Transfer learning for a siamese pair model
Give it two pet images and have it predict if they're the same breed.
So far, we've covered all the top-level applications of fastai and the architectures used in the different domains. In the most recent blog, we looked into how fastai automatically performs transfer learning for us when we use the application specific Learner
s like cnn_learner
. Today, we'll be training a siamese pair model by fine-tuning a pretrained resnet34 architecture without cnn_learner
. Therefore, we'll have to split the pretrained model ourself and also the data since we won't be using the DataBlock
API.
Once we download the images, we want a way to organize our data such that we can give it to our model for training.

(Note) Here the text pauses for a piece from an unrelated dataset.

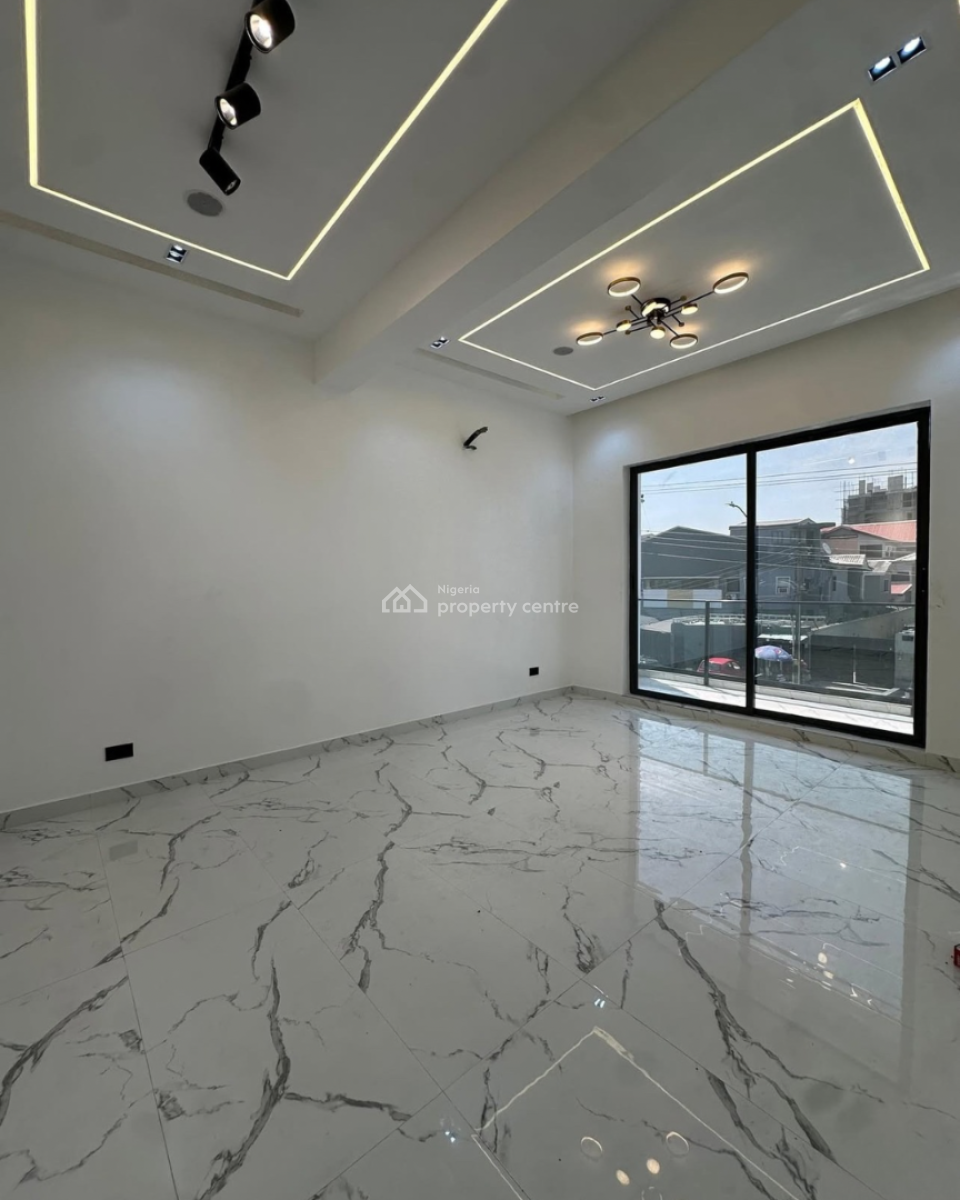 Luxury 3 Bedroom Apartment with Swimming Pool and Elevator, Freedom Way, Lekki Phase 1, Lekki, Lagos, Flat / Apartment for Sale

path = untar_data(URLs.PETS)
files = get_image_files(path/'images')
So, we create a subclass of fastuple
(fastai's improved tuple
class) and define a show
function so that we can actually see it.
class SiameseImage(fastuple):
def show(self, ctx=None, **kwargs):
img1, img2, same_breed = self # (image_like, image_like, bool)
if not isinstance(img1, Tensor):
if img2.size != img1.size:
img2 = img2.resize(img1.size)
t1, t2 = tensor(img1), tensor(img2)
t1, t2 = t1.permute(2, 0, 1), t2.permute(2, 0, 1)
else:
t1, t2 = img1, img2
line = t1.new_zeros(t1.shape[0], t1.shape[1], 10)

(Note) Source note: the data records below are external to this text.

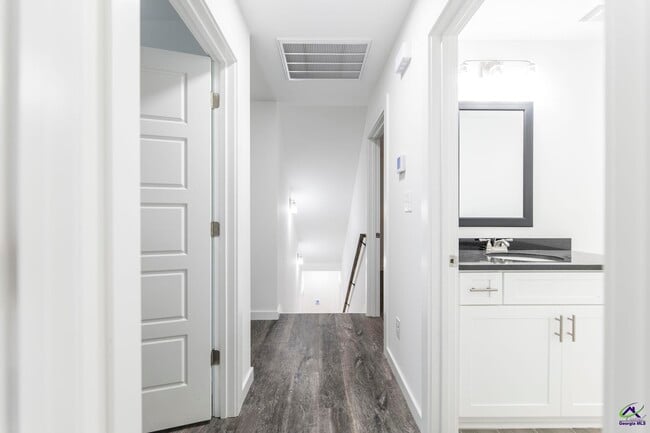 Building Photo - 100 Leisure Pointe Rd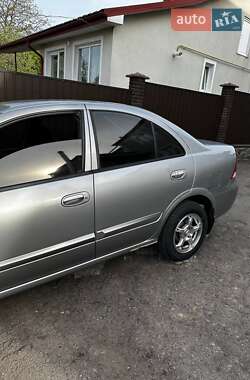 Седан Nissan Almera Classic 2008 в 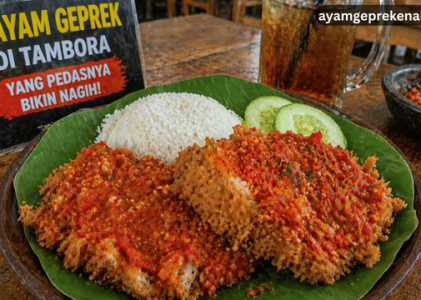 5 Ayam Geprek di Tambora yang Pedasnya Bikin Nagih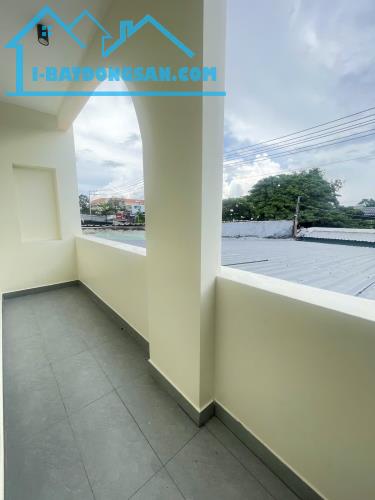 248m2, ngang 5m, dài miên man, Mặt tiền Phan Văn Hớn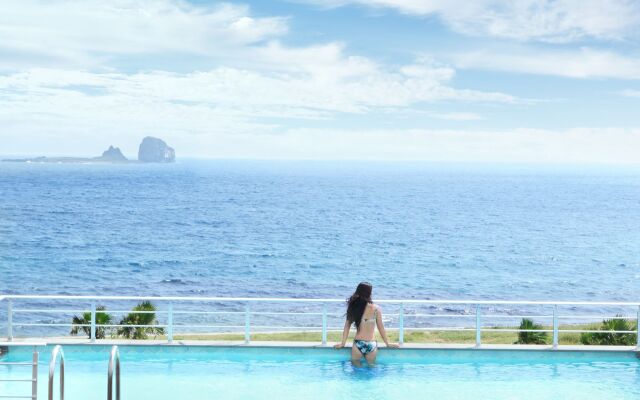 Sun & Moon Resort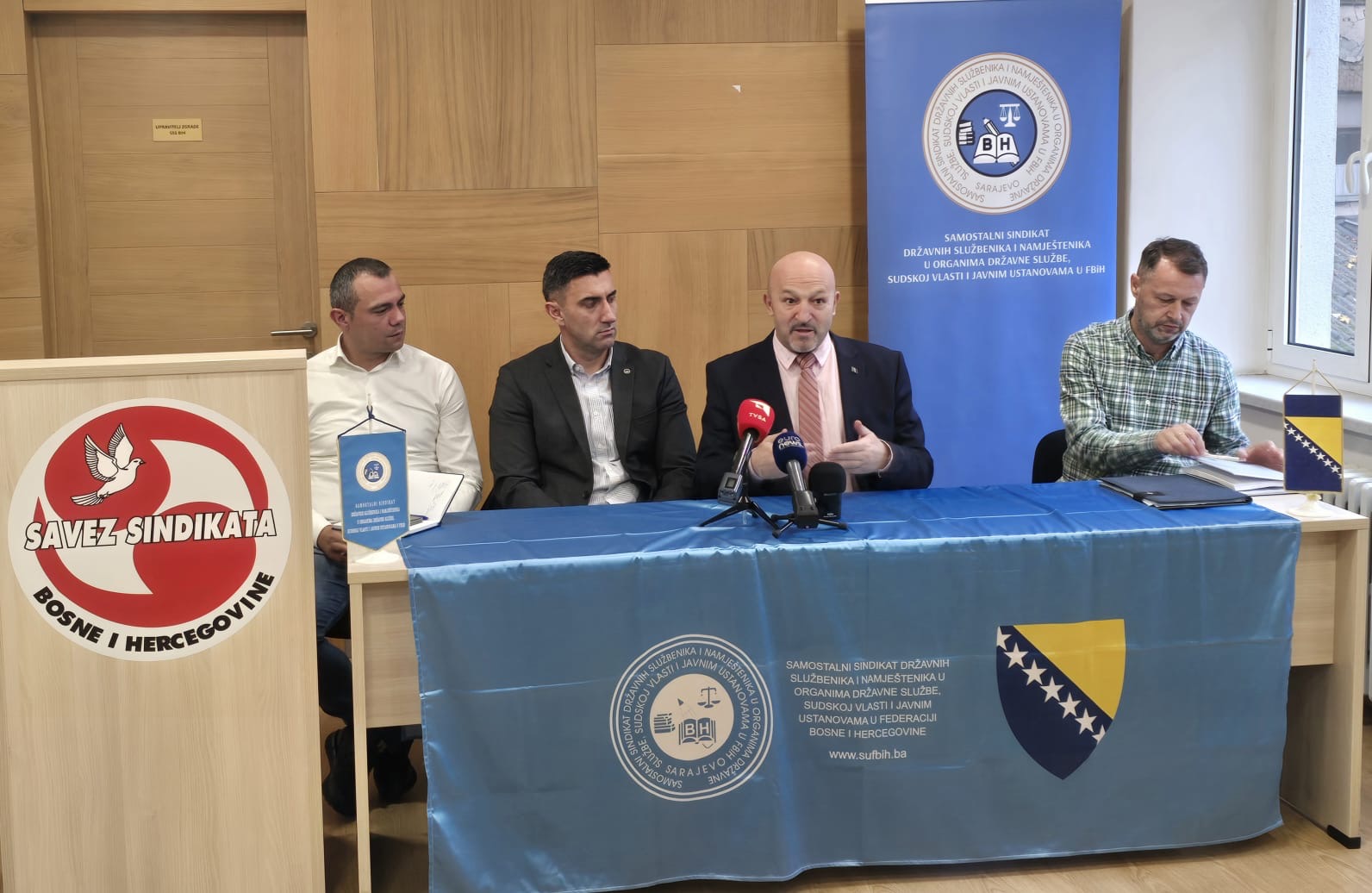 Press Konferencija Sindikata O Problemima JU Studentski Centar KS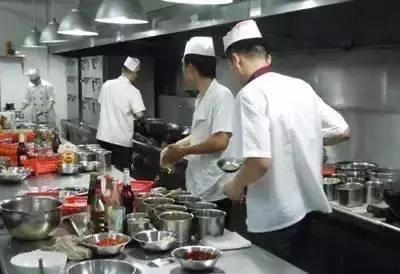 酒店厨师做菜的方法和技巧,酒店大厨手把手教学视频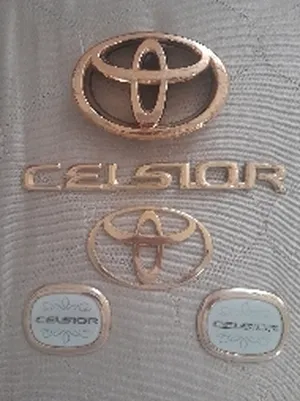للبيع شعارات  toyota Celsior gold ذهبي يعتبر من نوادر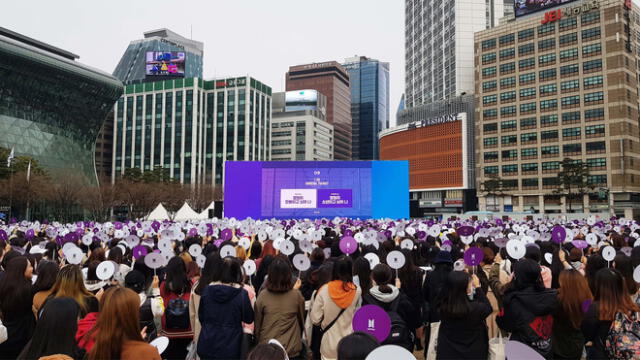 ARMY sospecha que el "Connect, BTS" se parecería a los eventos finales de ARMYPEDIA en Seúl, Corea del Sur.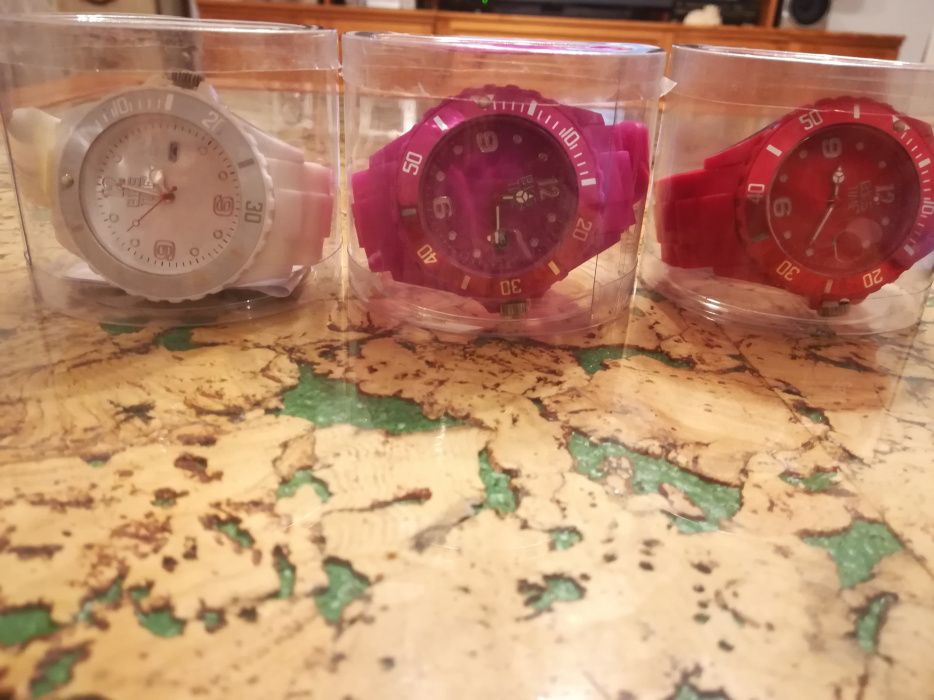 НОВИ в кутия ! Часовници орифлейм и bsk на супер цени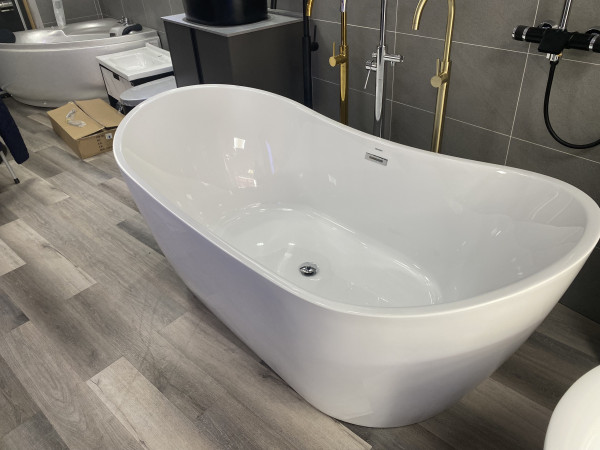 Bồn tắm đặt sàn 1.8m MOWOEN MW8207B-180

return show_image(torch.cat([t1, line, t2], dim=2),
title=same_breed, ctx=ctx)
Then, we create a label function that'll get the label (pet breed name) from the images. The images are named like name_numbers.jpg
where spaces in name
are replaced with underscores. We can get the labels using regex:
def label_func(fname):
return re.match(r'^(.*)_\d+.jpg$', fname.name).groups()[0]
The regex expression ^(.*)_\d+.jpg$
means (^
) from the beginning of the string, ((.*)

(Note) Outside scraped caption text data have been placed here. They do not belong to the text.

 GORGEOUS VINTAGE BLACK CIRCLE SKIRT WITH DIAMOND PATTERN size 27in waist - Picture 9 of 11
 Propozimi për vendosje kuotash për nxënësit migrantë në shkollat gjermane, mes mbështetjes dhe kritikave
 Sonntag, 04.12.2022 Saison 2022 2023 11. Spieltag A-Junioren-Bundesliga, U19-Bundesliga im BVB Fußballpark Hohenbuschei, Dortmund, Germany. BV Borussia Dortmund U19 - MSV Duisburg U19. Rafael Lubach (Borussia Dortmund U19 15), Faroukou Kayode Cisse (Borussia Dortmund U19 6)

) give me any character repeating zero or more times, (_\d+.jpg$
) but don't give me the rest off the string, which should look like an underscore followed by a number and a .jpg
extension. For example,
fname = files[0]; fname
label_func(fname)
And to show how SiameseImage
works, let's grab two images, give it a bool
value and show it:
img1, img2 = PILImage.create(files[0]), PILImage.create(files[1])
SiameseImage((img1, img2, False)).show();
Next, we have to be able to take all our images and create a training and validation set, which we can do with a Transform
:
class SiameseTransform(Transform):
def __init__(self, files, label_func, splits):
self.labels = files.map(label_func).unique()
self.l_f = {l: L(f for f in files if label_func(f) == l) for l in self.labels}
self.f_l = label_func
self.valid = {f: self._draw(f) for f in files[splits[1]]}
def encodes(self, f):
f2 , t = self.valid.get(f, self._draw(f))
img1, img2 = PILImage.create(f), PILImage.create(f2)
return SiameseImage(img1, img2, t)
def _draw(self, f):
same = random.random() < 0.5
cls = self.f_l(f)
if not same:
cls = random.choice(L(l for l in self.labels if l != cls))
return random.choice(self.l_f[cls]), same
In SiameseTransform
, we have our __init__
function that:
- has the labels for all the pet breeds in our data set (
labels
); - has two functions: one to get a list of all images of the same breed (
l_f
) and one to get the breed from an image (f_l
); and - a dictionary that maps a file name to another file name and if they're the same breed (
valid
).
The encodes
function returns a SiameseImage
and _draw
is used to randomly get another image that may or may not be of the same breed.
So, let's create our DataLoaders
using SiameseTransorm
alongside TfmdLists
:
splits = RandomSplitter()(files)
tfm = SiameseTransform(files, label_func, splits)
tls = TfmdLists(files, tfm, splits=splits)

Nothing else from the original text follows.